**What needs to be done**
Without including any picture, copy the entries that follow word for word.

**Record set**
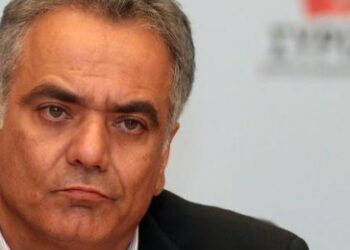 Σκουρλέτης: Πήγαμε με σχέδιο στη διαπραγμάτευση και “γλιτώσαμε” την πώληση του ΑΔΜΗΕ και τη “μικρή ΔΕΗ”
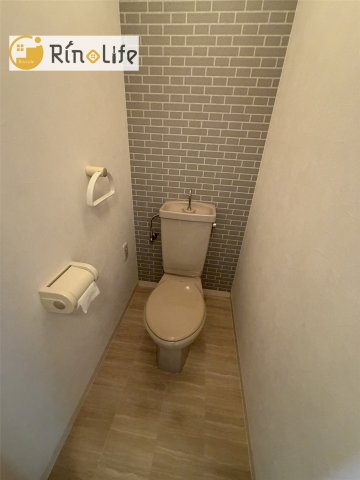 サンロイヤルのトイレ写真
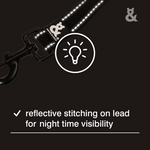 Shock Ease Lead - Rufus & Coco Australia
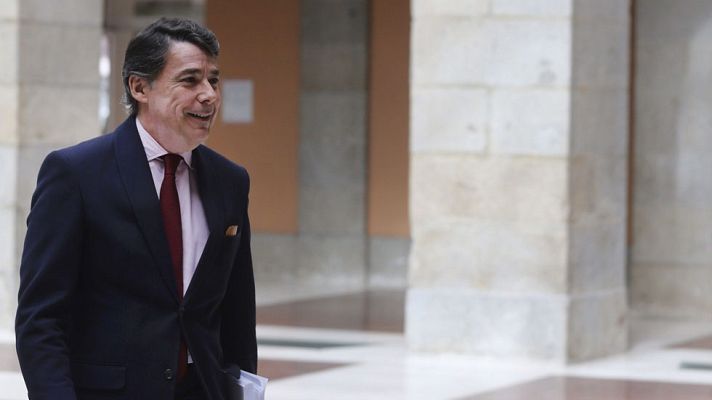 Telediario 1 - Candidatos del PP para Madrid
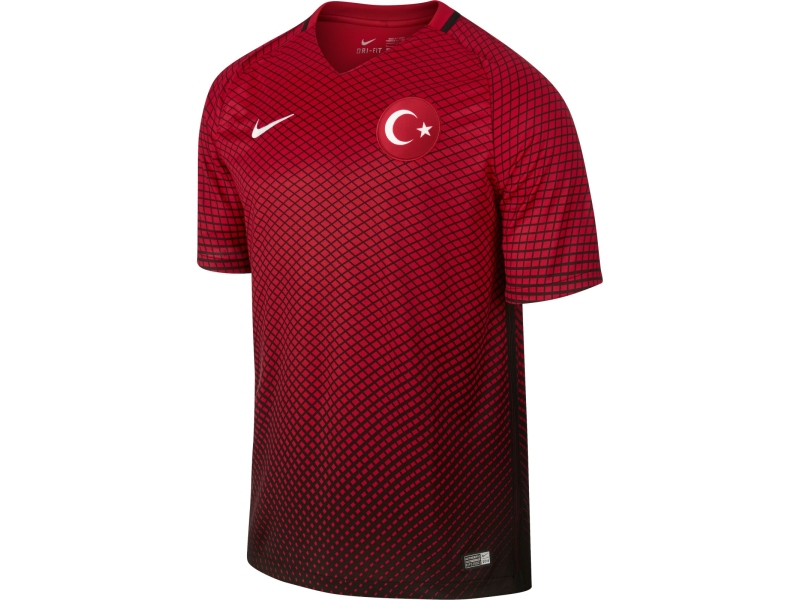 Koszulka NIKE TURCJA HOME red size L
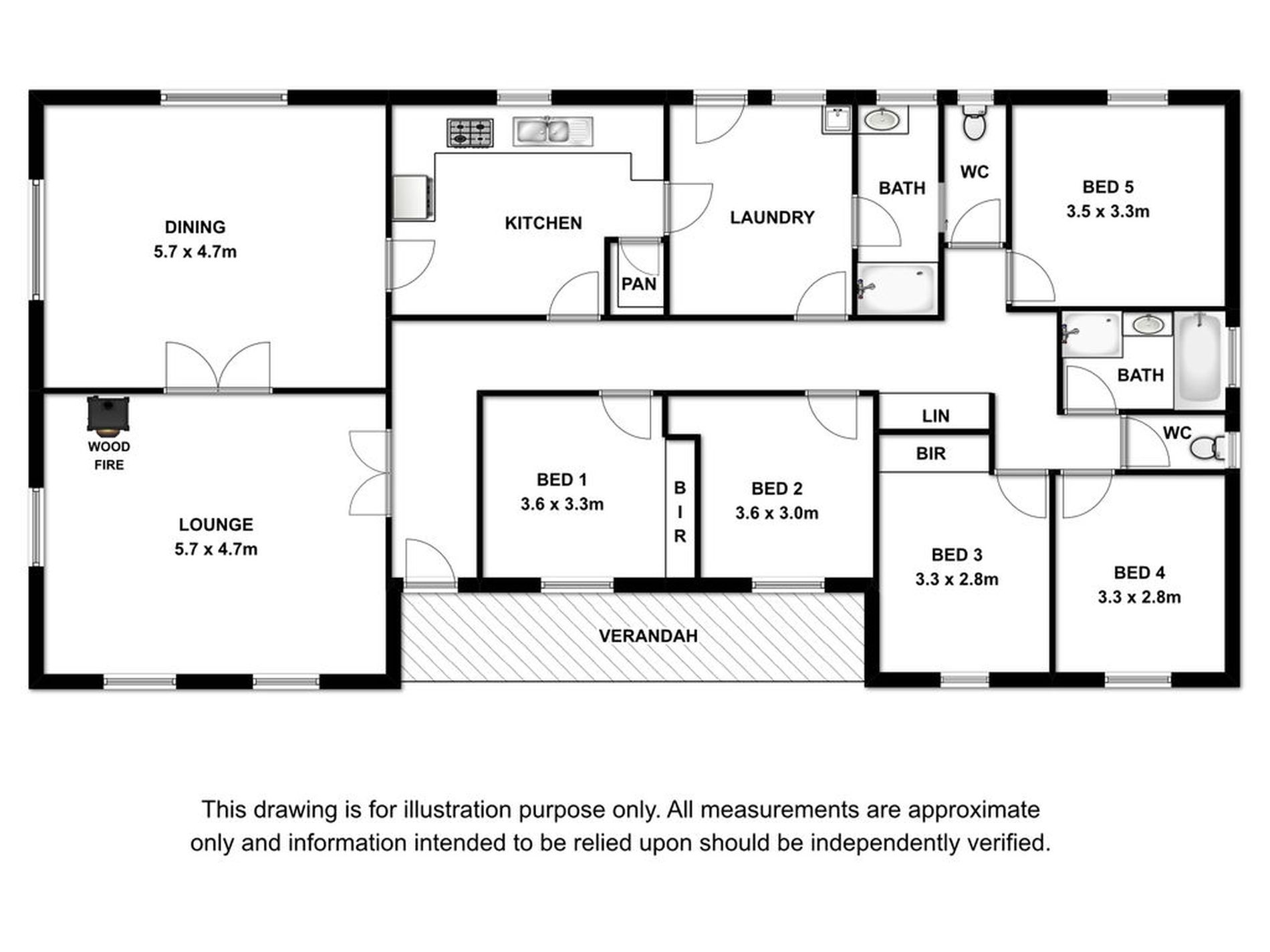 94 Edwards Lane, Millicent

**Finished task**
 Σκουρλέτης: Πήγαμε με σχέδιο στη διαπραγμάτευση και “γλιτώσαμε” την πώληση του ΑΔΜΗΕ και τη “μικρή ΔΕΗ”
 サンロイヤルのトイレ写真
 Shock Ease Lead - Rufus & Coco Australia
 Telediario 1 - Candidatos del PP para Madrid
 Koszulka NIKE TURCJA HOME red size L
 94 Edwards Lane, Millicent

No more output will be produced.